_Problem description_.
Only the lines from the one that includes "STELLOX 1026964SX 10-26964-SX_радиатор" through the last line below belong in the reply, copied exactly and without pictures.

[Image-text web data]
· · · · · · ·
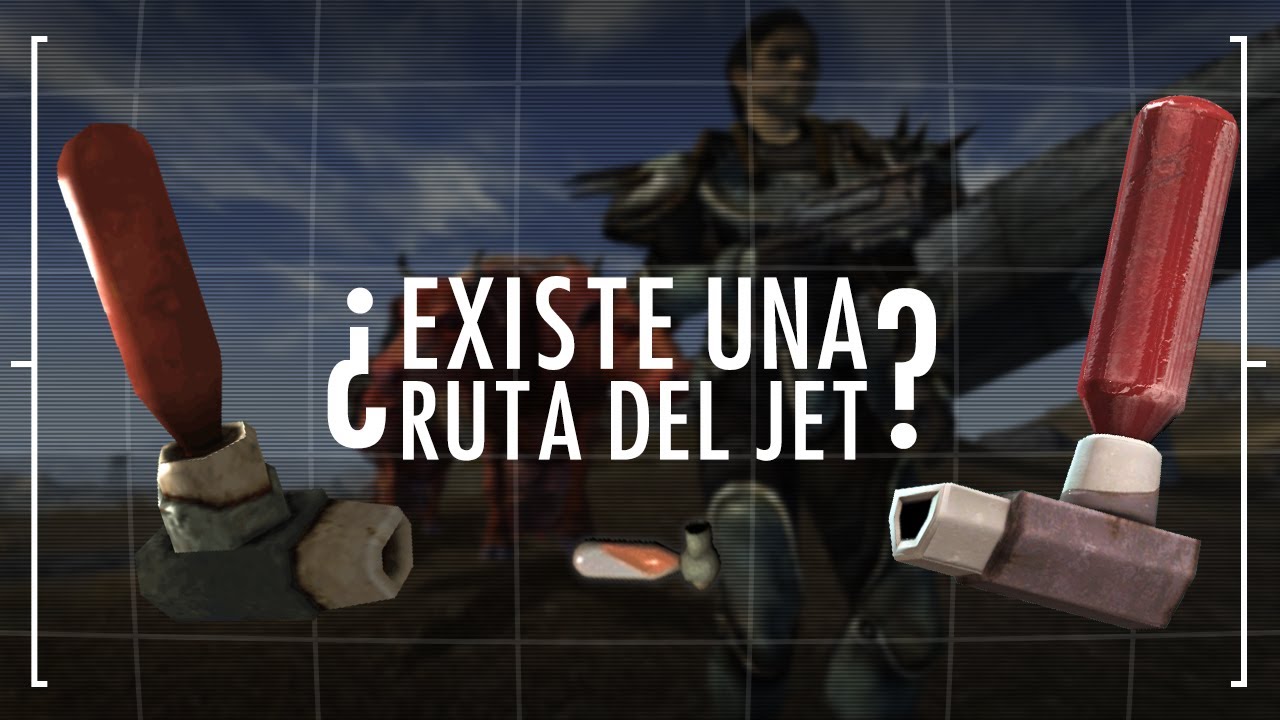 ¿Existe una “Ruta del Jet” a lo largo de Estados Unidos en Fallout?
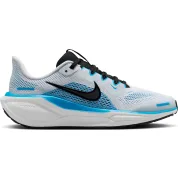 Nike Air Zoom Pegasus 41 White Blue Hero Black (GS)
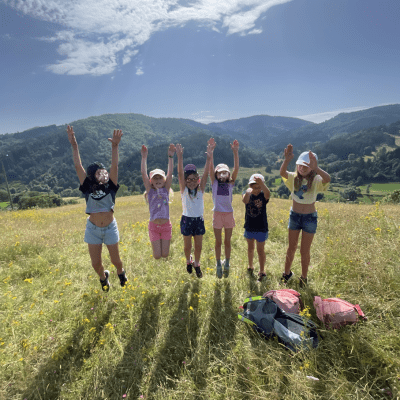 vacances séjour accueil de loisirs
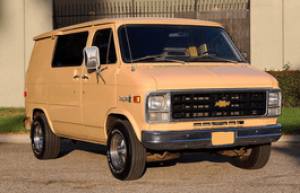 Размер колёс на Chevrolet G10 1985 Подбор шин на Chevrolet G10 1985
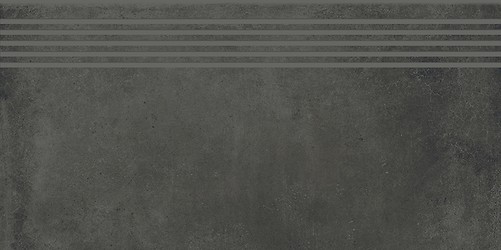 Foggy Night Graphite Steptread Matt Rect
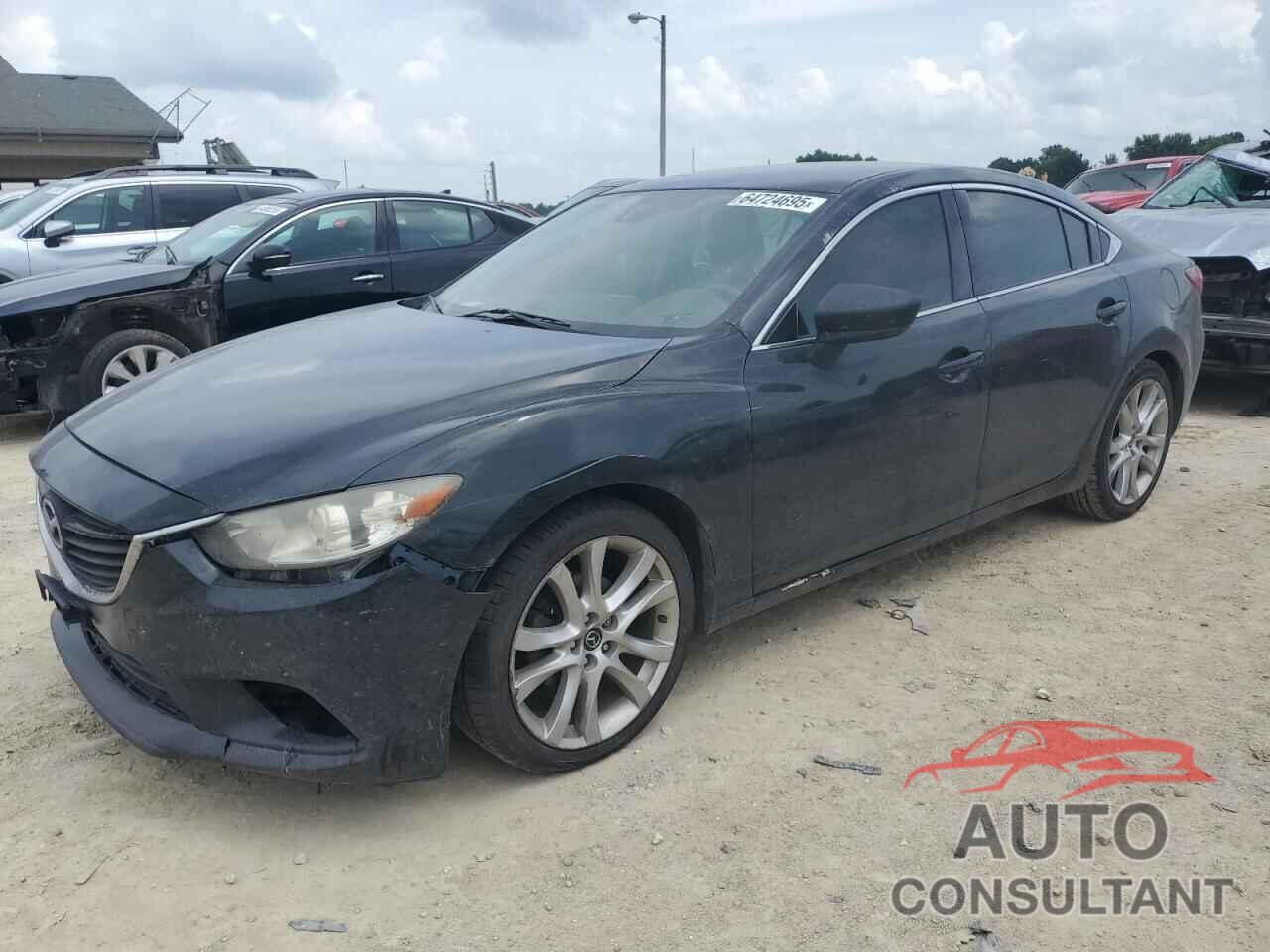 MAZDA 6 2014 - JM1GJ1T69E1120544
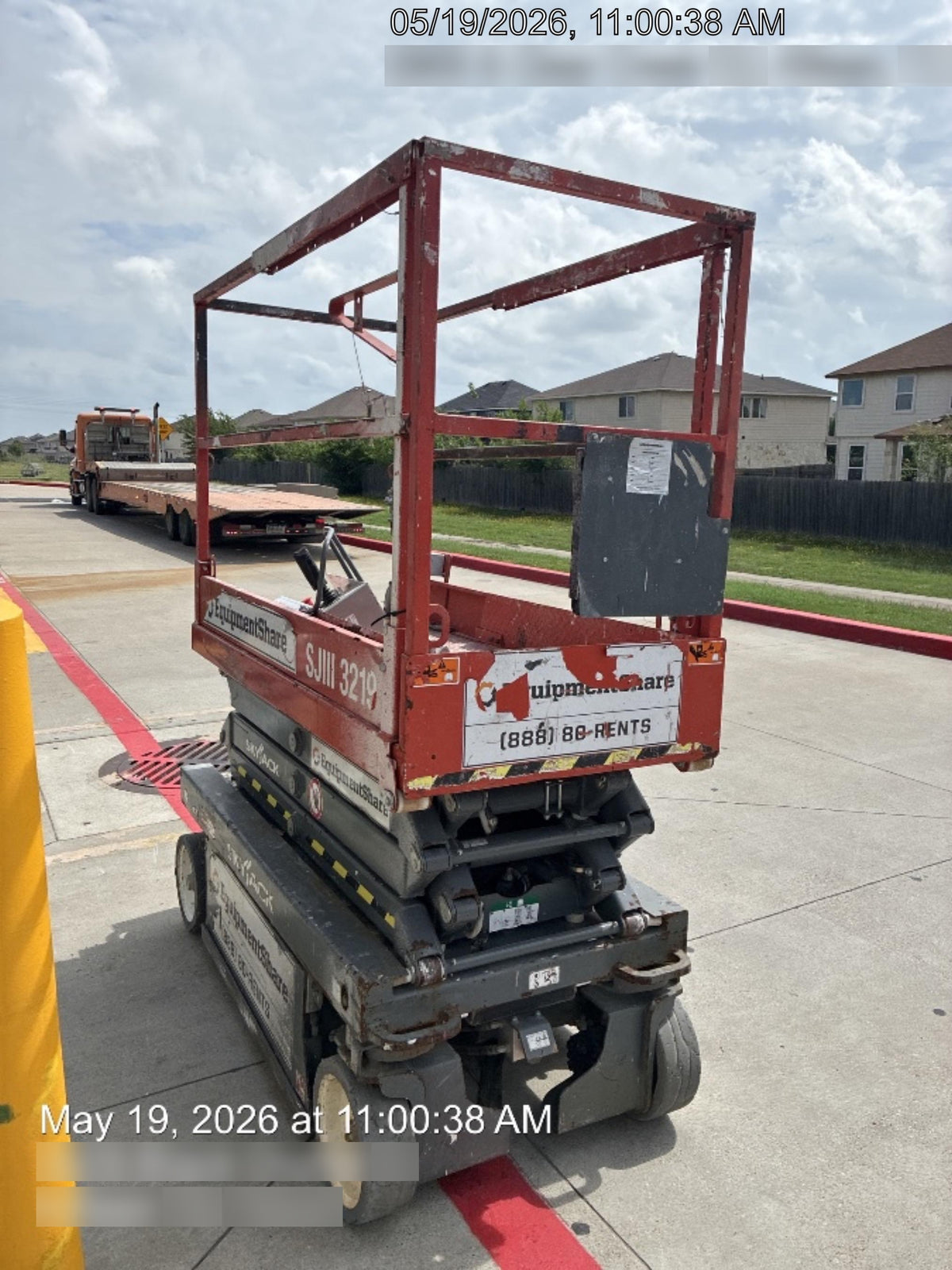 2019 Skyjack SJIII-3219 Skyjack SJIII3219 Standard w/Trojan Batteries
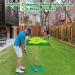 XANGNIER Golf Chipping Game Set with 20 Stick Golf Balls - Giant Size for Adults & Family Indoor/Outdoor Fun | Includes Chipping Mat | Sport & Outdoor Play Toy - Buy Online on GoSupps.com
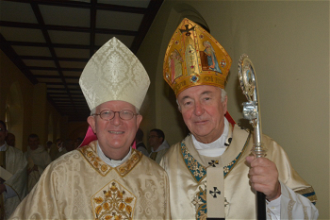 Archbishop Longley, Cardinal Nichols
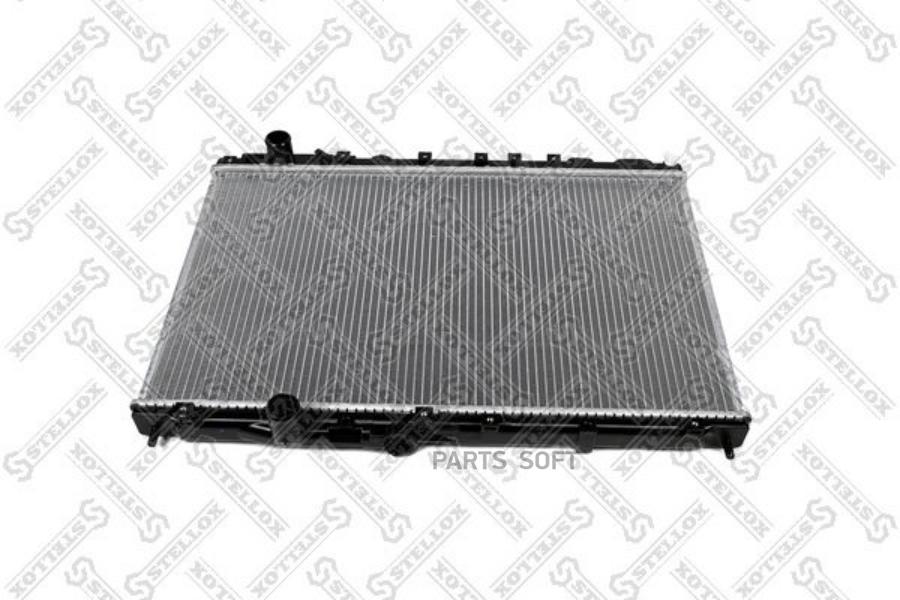 

STELLOX 1026964SX 10-26964-SX_радиатор системы охлаждения!\ Mitsubishi Space Runner 2.0TD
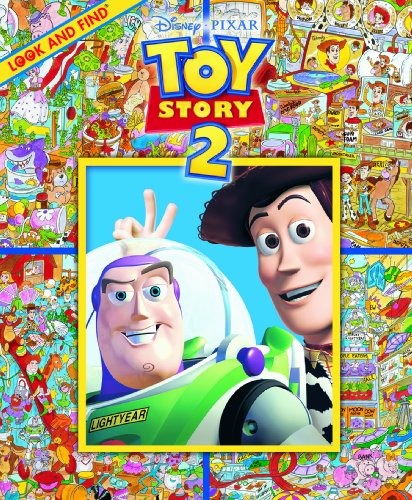 Cherche et trouve : Toy Story 2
· · · · · · ·
_Task response_.
STELLOX 1026964SX 10-26964-SX_радиатор системы охлаждения!\ Mitsubishi Space Runner 2.0TD
 Cherche et trouve : Toy Story 2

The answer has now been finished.